◆ What you need to do: Would you please transcribe the listing exactly, with no images?

◆ Data segment:
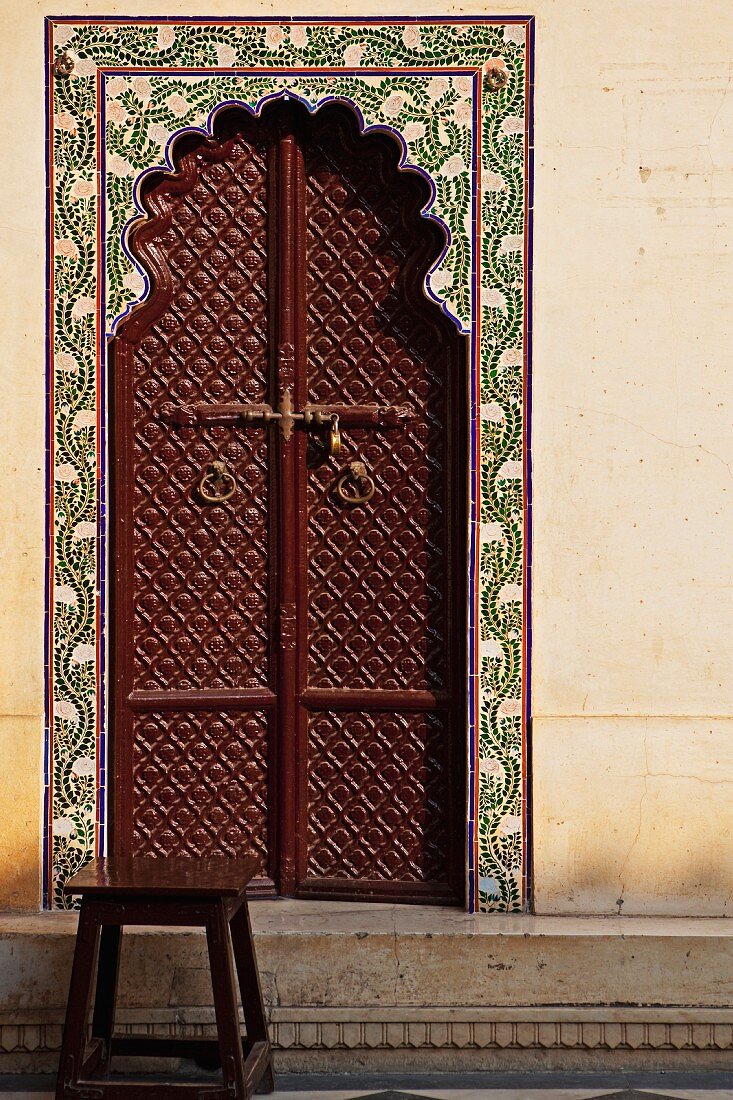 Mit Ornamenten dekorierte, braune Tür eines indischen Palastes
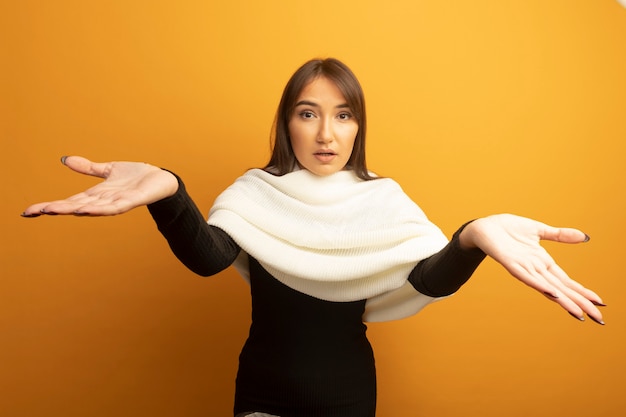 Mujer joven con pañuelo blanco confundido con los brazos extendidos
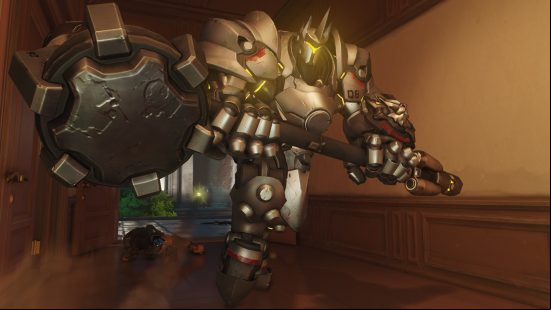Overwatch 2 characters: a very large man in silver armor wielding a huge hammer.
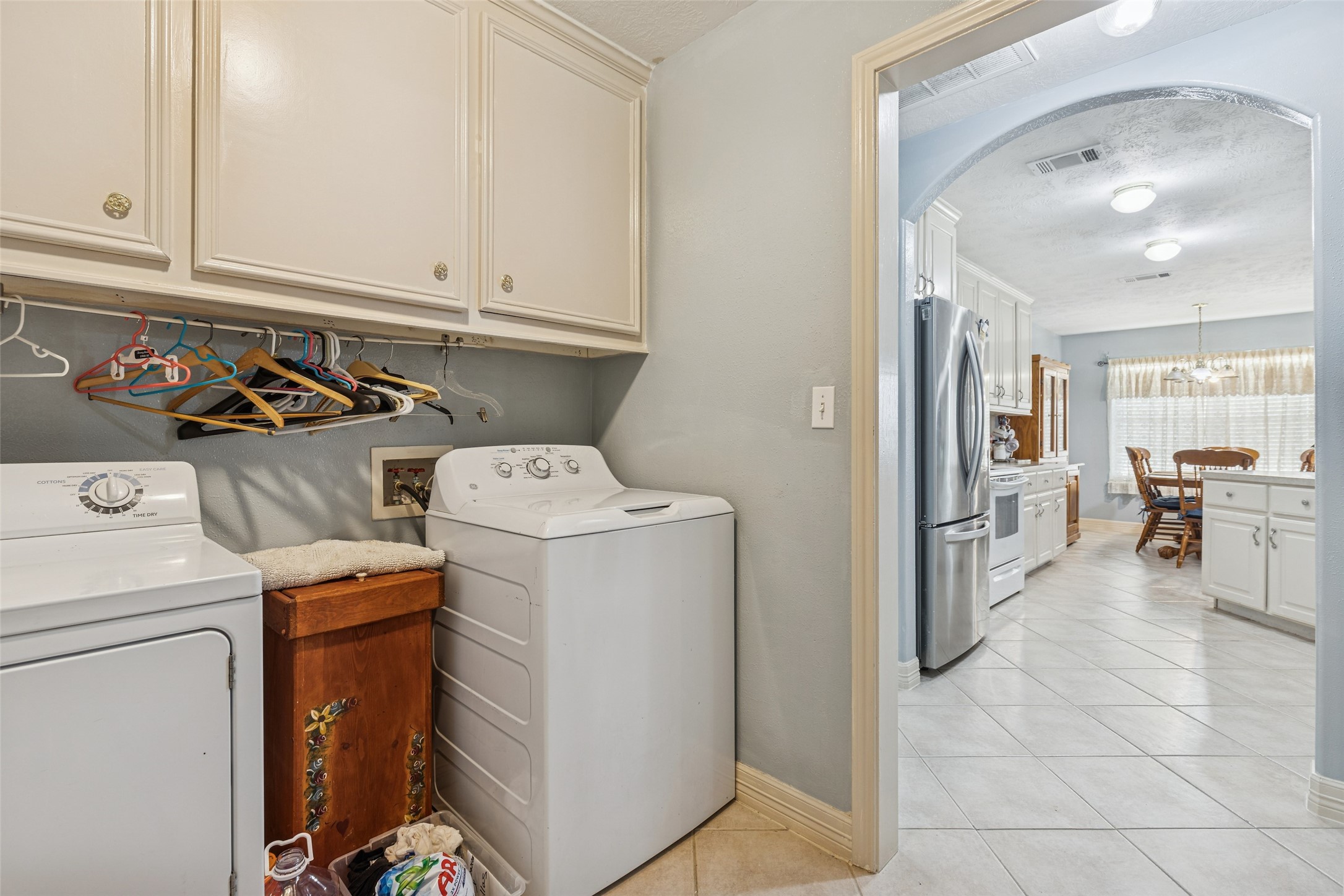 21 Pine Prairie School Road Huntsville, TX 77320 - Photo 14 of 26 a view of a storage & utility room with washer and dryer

◆ Task answer:
 Mit Ornamenten dekorierte, braune Tür eines indischen Palastes
 Mujer joven con pañuelo blanco confundido con los brazos extendidos
Overwatch 2 characters: a very large man in silver armor wielding a huge hammer.
 21 Pine Prairie School Road Huntsville, TX 77320 - Photo 14 of 26 a view of a storage & utility room with washer and dryer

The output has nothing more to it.